À mi-chemin entre le western futuriste et le space-opera, Metalstorm aligne poursuites et cascades motorisées, duels au pistolet laser et délires mystico-fantastiques dans un univers post-apocalytpique conçu comme un terrain de jeu propice pour la stéréoscopie. Derrière cette accumulation d’éléments hétéroclites, Charles Band tente surtout de poser les bases d’une franchise en devenir, à travers une intrigue nébuleuse et rachitique dont les règles semblent parfois se dérober à toute logique.

C’est toutefois du côté de la mise en scène que Metalstorm révèle le mieux ses limites. Prisonnier de son dispositif en relief, Charles Band multiplie les effets de jaillissement avec une insistance mécanique : des projectiles, des jets de liquide toxique ou de simples éléments de décor viennent systématiquement agresser l’objectif, transformant chaque scène en démonstration technique plus ou moins gratuite. Un choix d’autant plus contraignant que le tournage, effectué en plein cagnard avec un dispositif 3D lourd et énergivore, impose à l’équipe des conditions éprouvantes (des projecteurs de lumière surpuissants, des costumes étouffants, et des maquillages contraignants).
Mad Dogen
Pensée avant tout pour l’exploitation en relief, l’expérience se limite donc à une bande démo où la profondeur prend le pas sur la mise en scène. Cette logique atteint son paroxysme lors des courses-poursuites, régulièrement filmées en plans subjectifs à ras du sol, avec une caméra fixée au capot des véhicules.

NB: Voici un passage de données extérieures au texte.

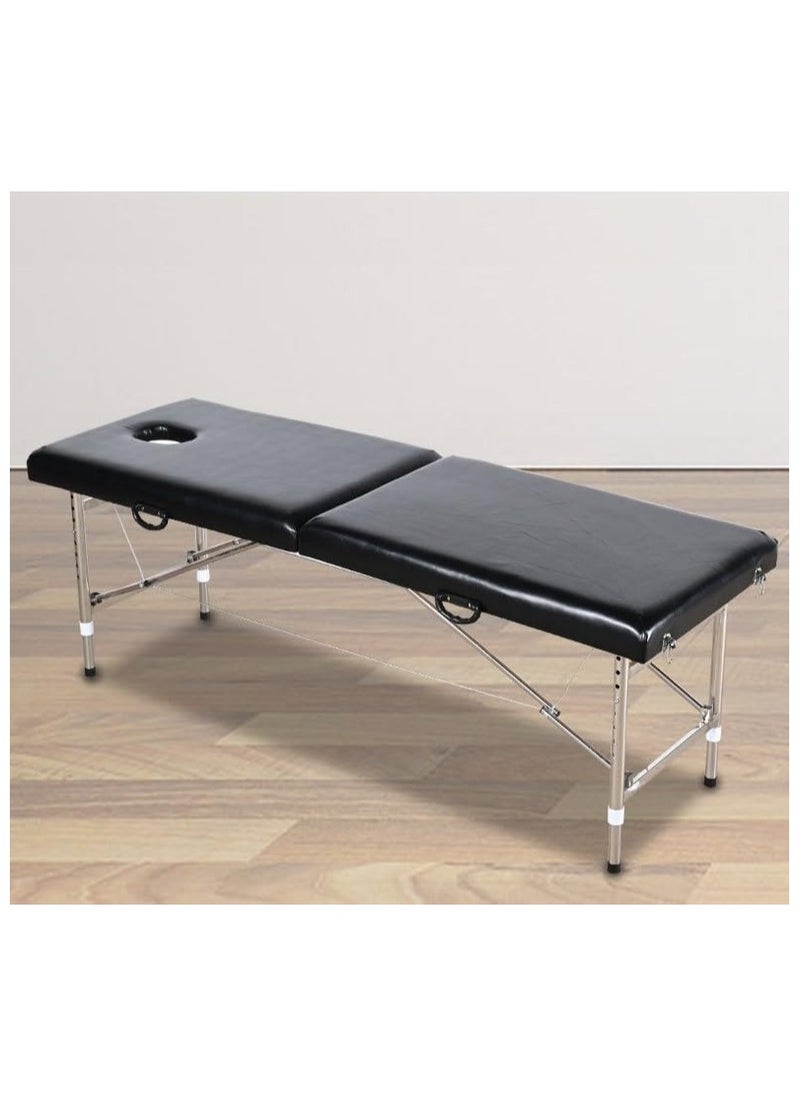 SKY-TOUCH - Portable Massage Bed Foldable Massage Tables with Pillow SPA Bed with Stainless Steel Frame 2 Fold Black for SPA Salon Tattoo Massage Therapeutic Treatment Black - Image 1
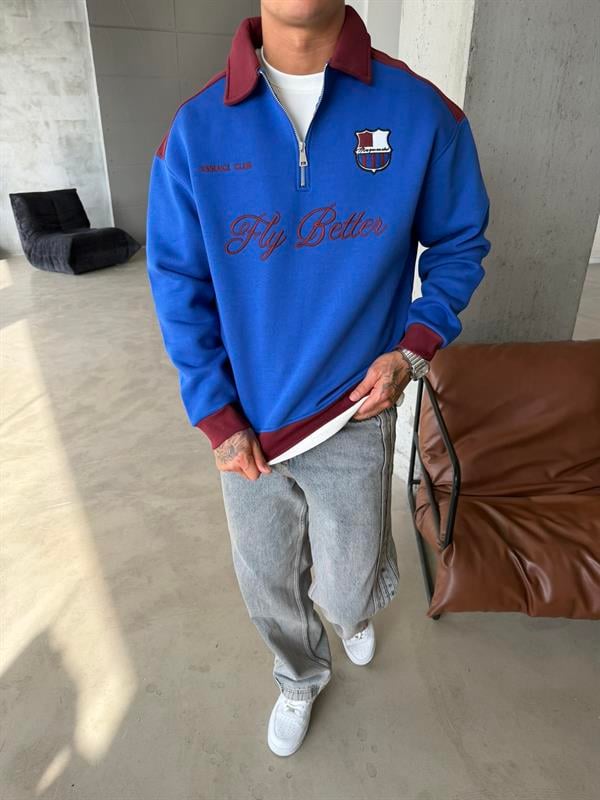 Fly Better Yarım Fermuar Sweat - Bordo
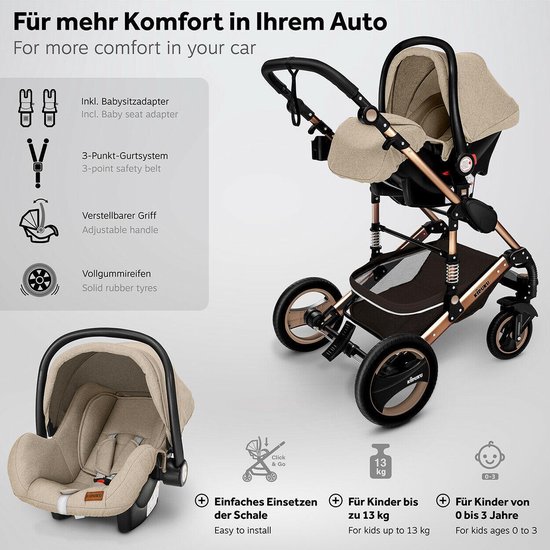 KIDUKU- in 1 combi-kinderwagen- bruin/goud- buggy incl. autostoeltje-regenhoes-... | bol.com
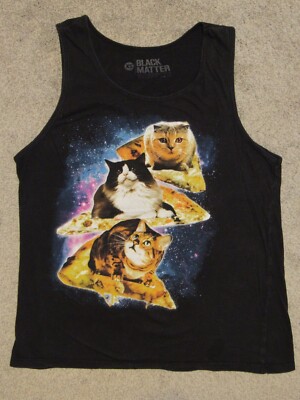 CATS ON PIZZA Slices In Space T-SHIRT Mens XS Tank Top Black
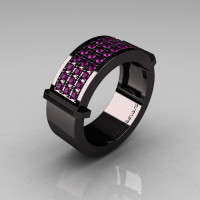 Gentlemens Modern 14K Black Gold 33 Stone Amethyst Ring MR184-14KBGAM-1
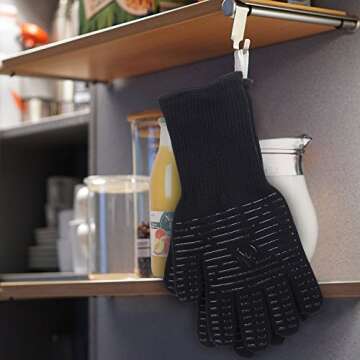 Oven Gloves,932℉ Extreme Heat Resistant BBQ Gloves Grill Gloves,13.5” Anti-Slip Oven Mitts, Durability and Stretchy Aramid Cook&Kitchen&Industrial Heat Treatment Gloves (Black)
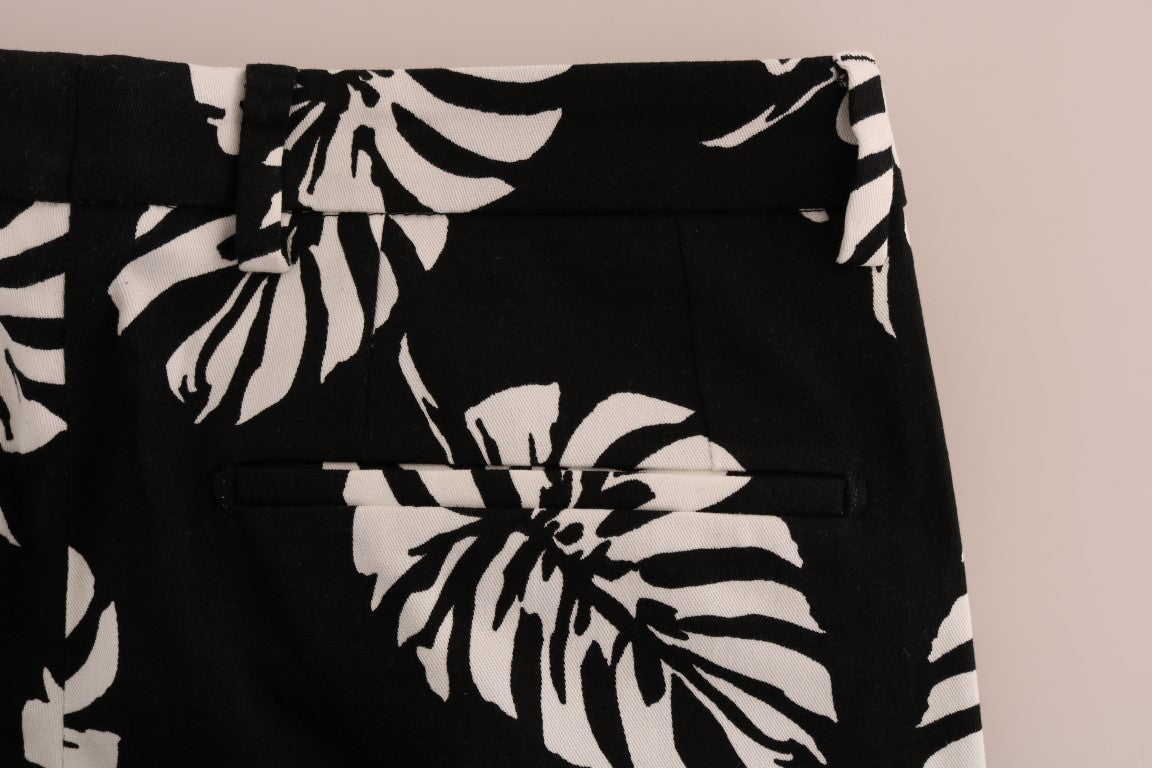 Dolce & Gabbana White Black Leaf Cotton Stretch Slim Pants Dolce & Gabbana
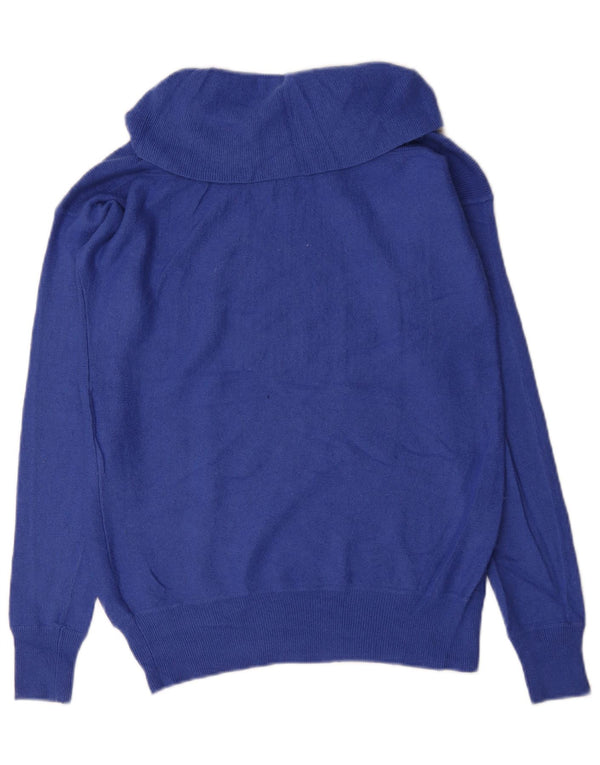 Reiss Womens Oversized Roll Neck Jumper Sweater UK 10 Small Blue Viscose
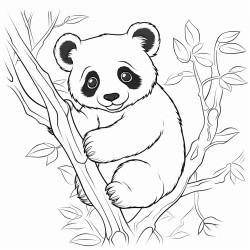 panda climbing a tree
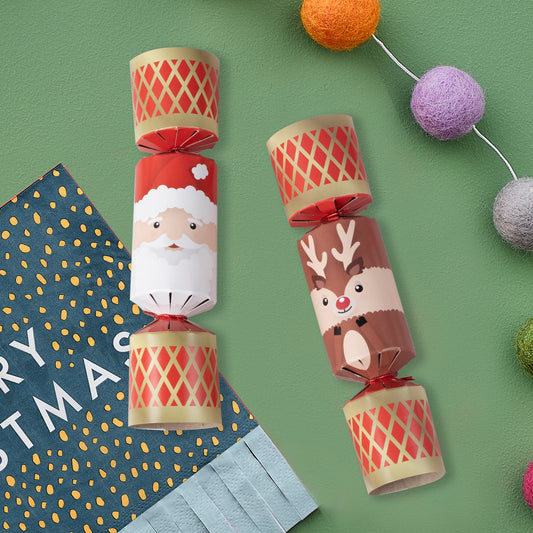 Mini Santa & Reindeer Christmas Crackers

Loin de dynamiser l’action, ces séquences répétitives, ralenties par le poids et l’inertie des bolides lourdement customisés, donnent surtout l’impression de combler la vacuité des enjeux narratifs, étirant artificiellement un métrage déjà chiche en rebondissements.
Dans ce grand patchwork qui pioche sans vergogne chez George Miller et George Lucas, l’ensemble finit par ressembler à une contrefaçon opportuniste et branlante : difficile de ne pas penser à la cantina de Mos Eisley lors de la séquence du bar (La Guerre des Étoiles), ou encore à la fosse de Carkoon devant l’apparition des vers des sables (Le Retour du Jedi). Les duels, combats et cabrioles peinent à masquer la pauvreté des effets spéciaux, entre des incrustations hasardeuses et des animations en rotoscopie au rendu pour le moins approximatif.

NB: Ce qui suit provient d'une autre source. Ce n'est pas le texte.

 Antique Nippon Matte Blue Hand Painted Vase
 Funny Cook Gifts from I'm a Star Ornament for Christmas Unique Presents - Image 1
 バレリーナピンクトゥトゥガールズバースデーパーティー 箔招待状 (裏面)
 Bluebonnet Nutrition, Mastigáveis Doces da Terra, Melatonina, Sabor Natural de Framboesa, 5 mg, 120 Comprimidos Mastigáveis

Entre un antagoniste énigmatique (Michael Preston) et un Mad Max du pauvre (Jeffrey Byron) voué à rester dans l’ombre de Mel Gibson, les deux principales têtes d’affiches finissent carrément éclipsées par les seconds rôles : Richard Moll (Mestema) en mutant cyclopéen, R. David Smith (A.I. Intelligence Artificielle) en cyborg patibulaire, et surtout Tim Thomerson (Trancers), en copycat de Han Solo qui apporte une touche de désinvolture et une énergie qui font cruellement défaut au héros. À force de recyclage et d’emprunts, le film peine ainsi à se forger une identité propre, comme si la tempête de métal promise par le titre n’avait finalement accouché que d’un alliage de ferrailles rouillées.